Aim of the task: Return the lines below exactly, from the first line to the line that contains "Lion iPhone Case". Leave out pictures.

Data to examine:
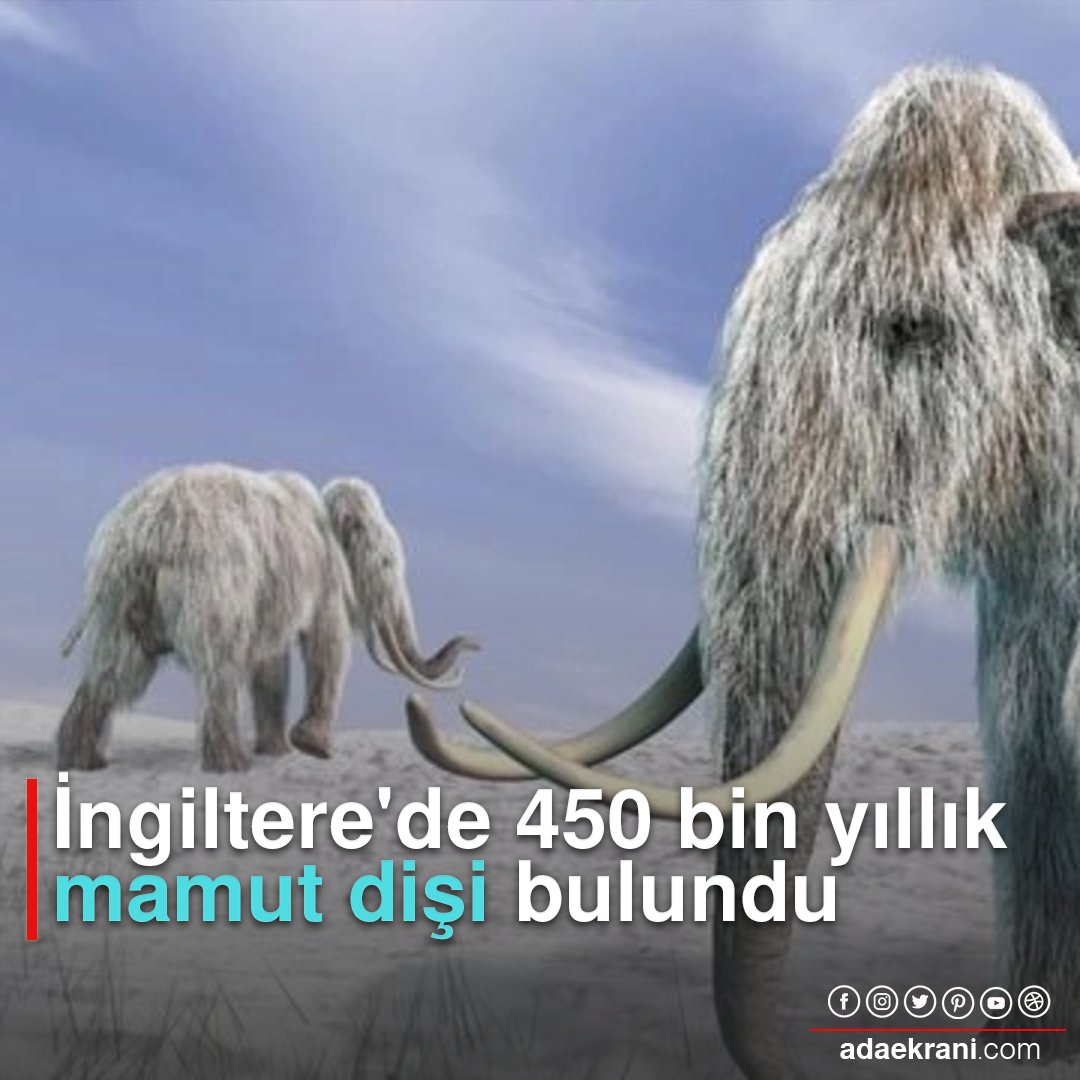 adaekrani's tweet photo. İngiltere'nin kuzeyindeki Cambridgeshire bölgesinde 450 bin yıl öncesine ait iyi korunmuş mamut dişi bulundu. Fox News'deki habere göre, Paleontolog Jamie Jordan, Cambridgeshire bölgesine bağlı Peterborough kenti yakınlarında bulunan mamut dişinin,

https://t.co/lDQvbwajjc https://t.co/lN8xz4CEHT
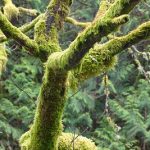 Tree-Moss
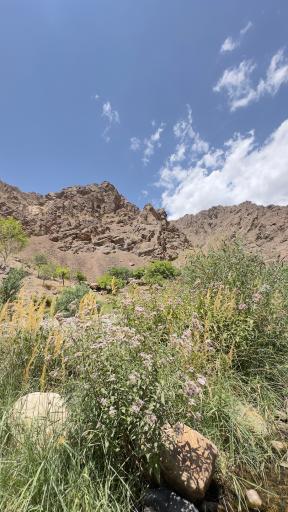 عکس روستای بوژان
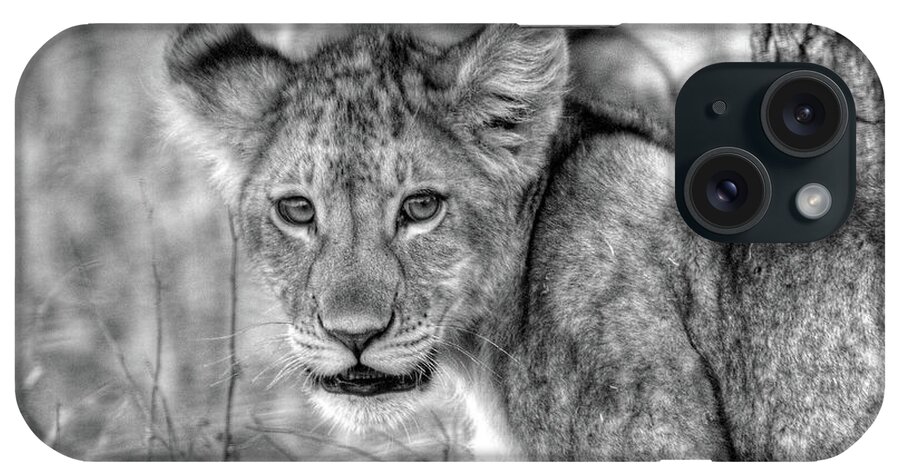 Lion iPhone Case featuring the photograph Lion Cub by Dawn J Benko
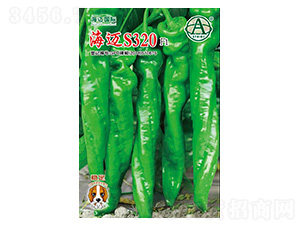 ���~S320-�����N��-���~���H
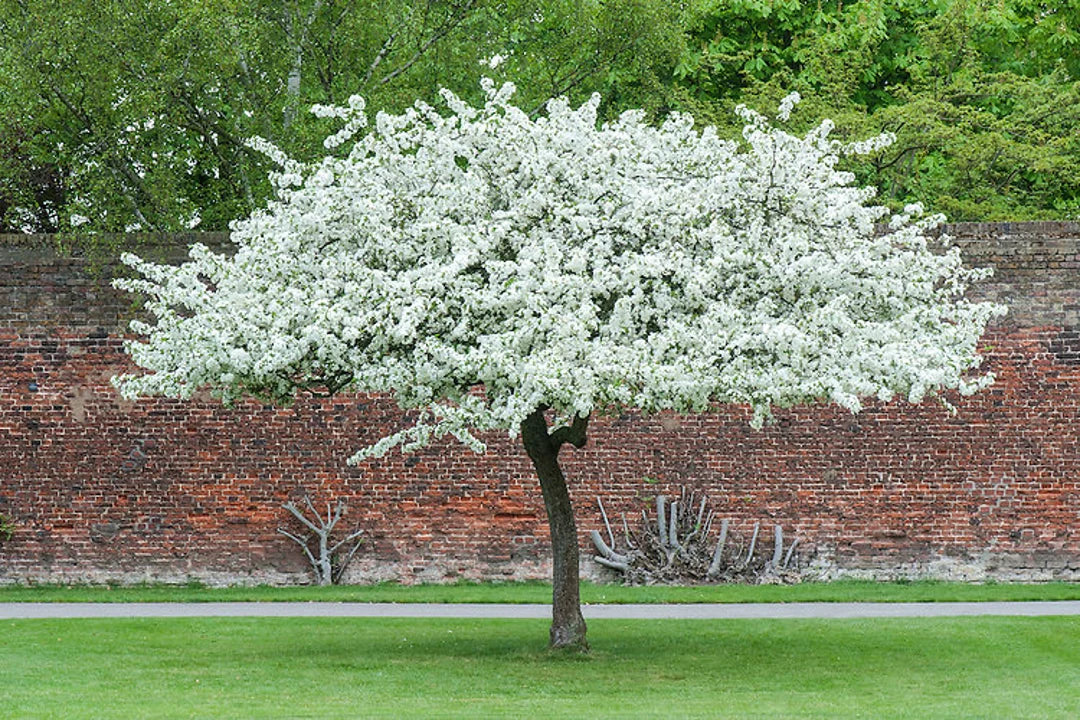 Sargent s Crabapple Tree Premium Seeds Malus sargentii Fall Plants – Heirloom, Non-GMO, High Germination Organic Garden Seeds
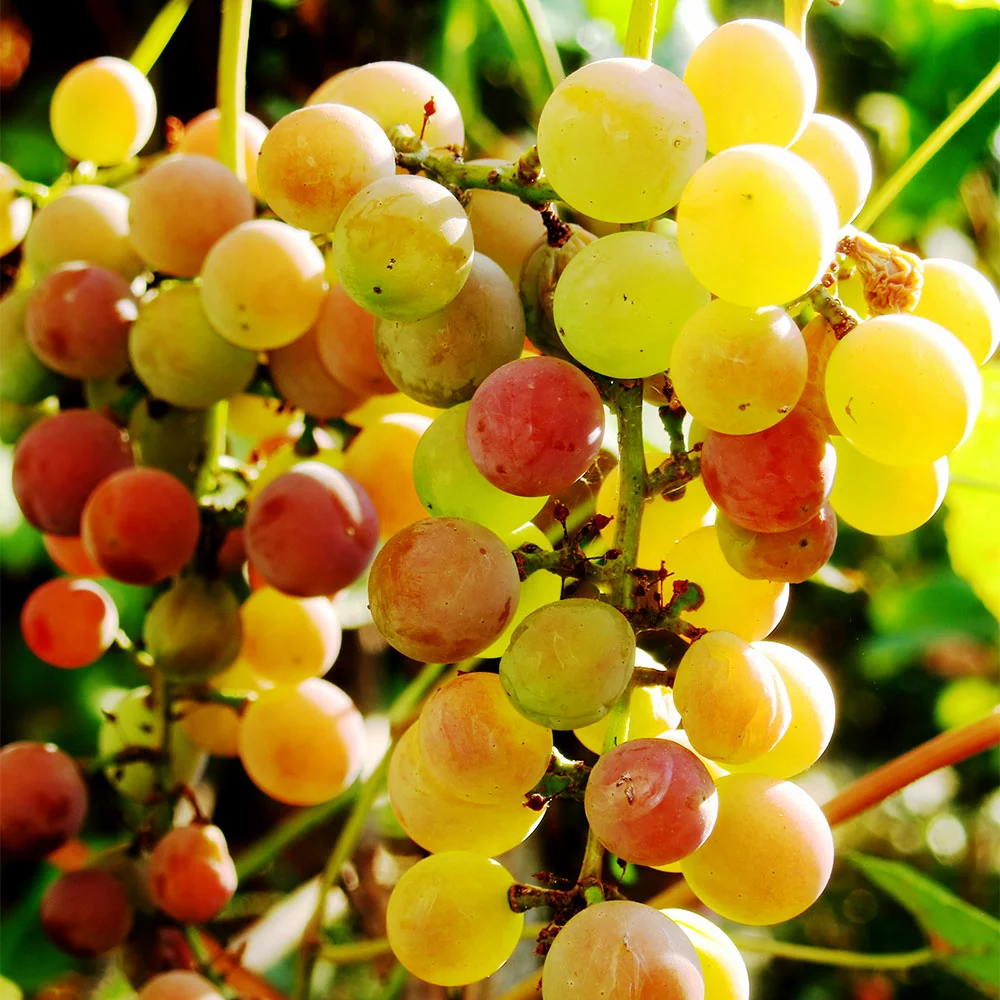 Brighter Blooms Summit Grape Vine Fruit Trees 3 Brighter Blooms Summit Grape Vine Fruit Trees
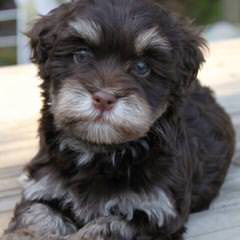 Gallagher Havanese Akc In Oregon - Dog and Puppy Pictures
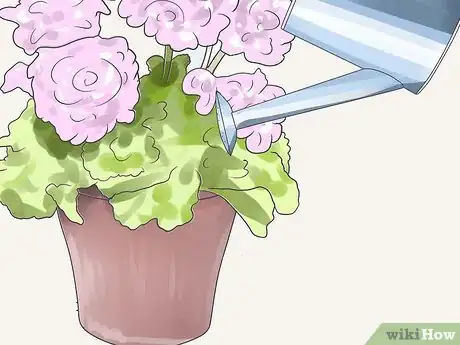 Imagen titulada Care for Geraniums in Winter Step 7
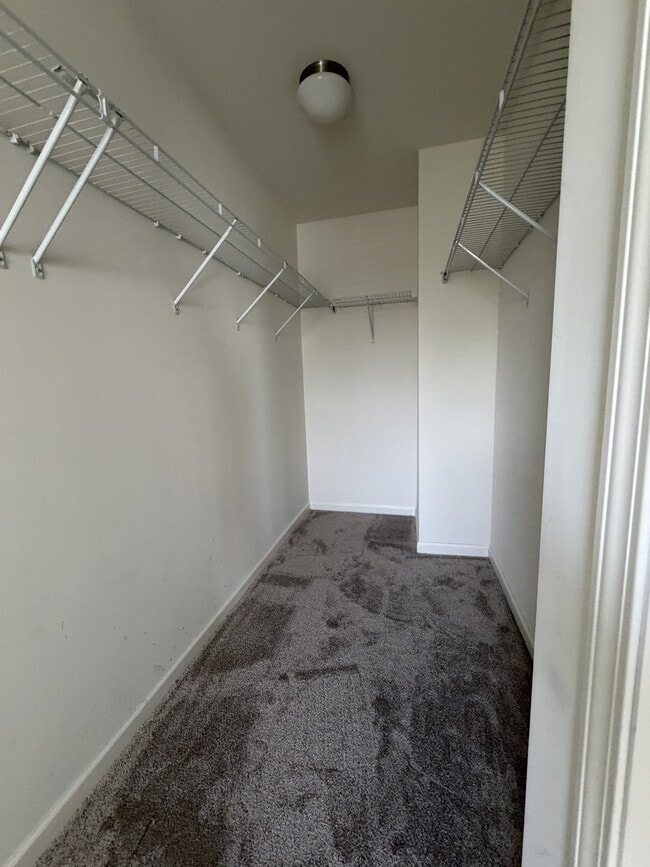 Building Photo - 3549 Saddlebrook Dr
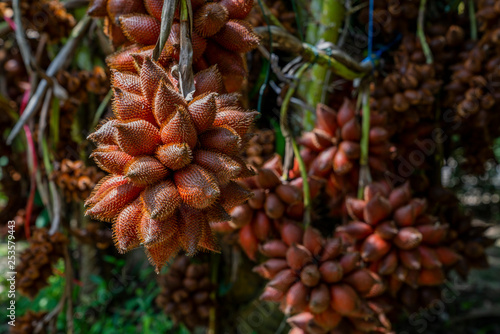 Fresh ripe red salak or shake fruit. Salacca zalacca - exotic tropical fruits. 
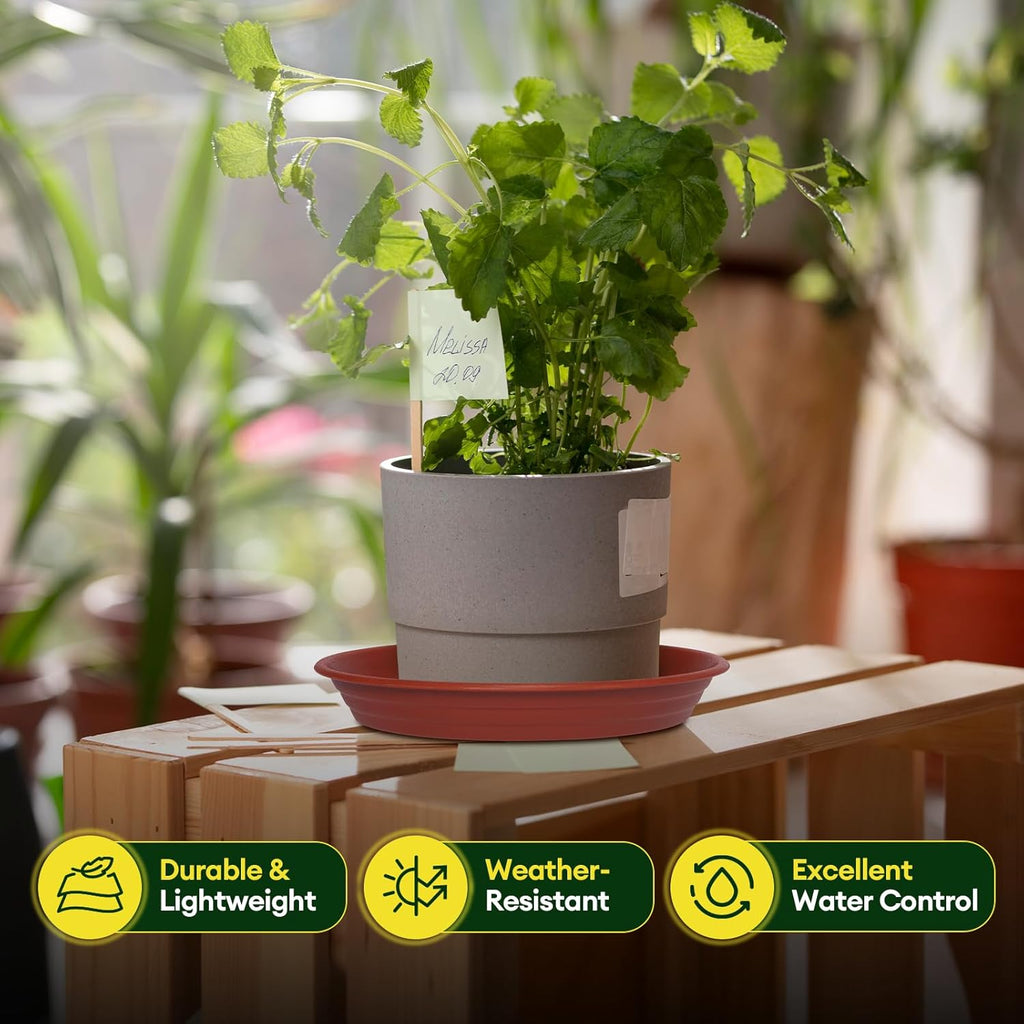 6 Pack Plant Saucer, 8 10 12 inch Plant Saucers for Indoor, Heavy Duty Plastic Plant Trays for pots, Grow Bags, Bird Baths, Flower Drip Trays for Indoor and Outdoor Uses (8", Brown)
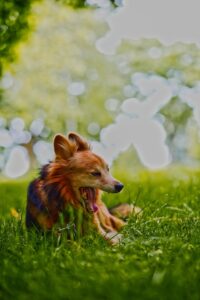 Robbie liegt entspannt im grünen Gras und gähnt im warmen Sonnenlicht.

Answer section:
 adaekrani's tweet photo. İngiltere'nin kuzeyindeki Cambridgeshire bölgesinde 450 bin yıl öncesine ait iyi korunmuş mamut dişi bulundu. Fox News'deki habere göre, Paleontolog Jamie Jordan, Cambridgeshire bölgesine bağlı Peterborough kenti yakınlarında bulunan mamut dişinin,

https://t.co/lDQvbwajjc https://t.co/lN8xz4CEHT
 Tree-Moss
 عکس روستای بوژان
 Lion iPhone Case featuring the photograph Lion Cub by Dawn J Benko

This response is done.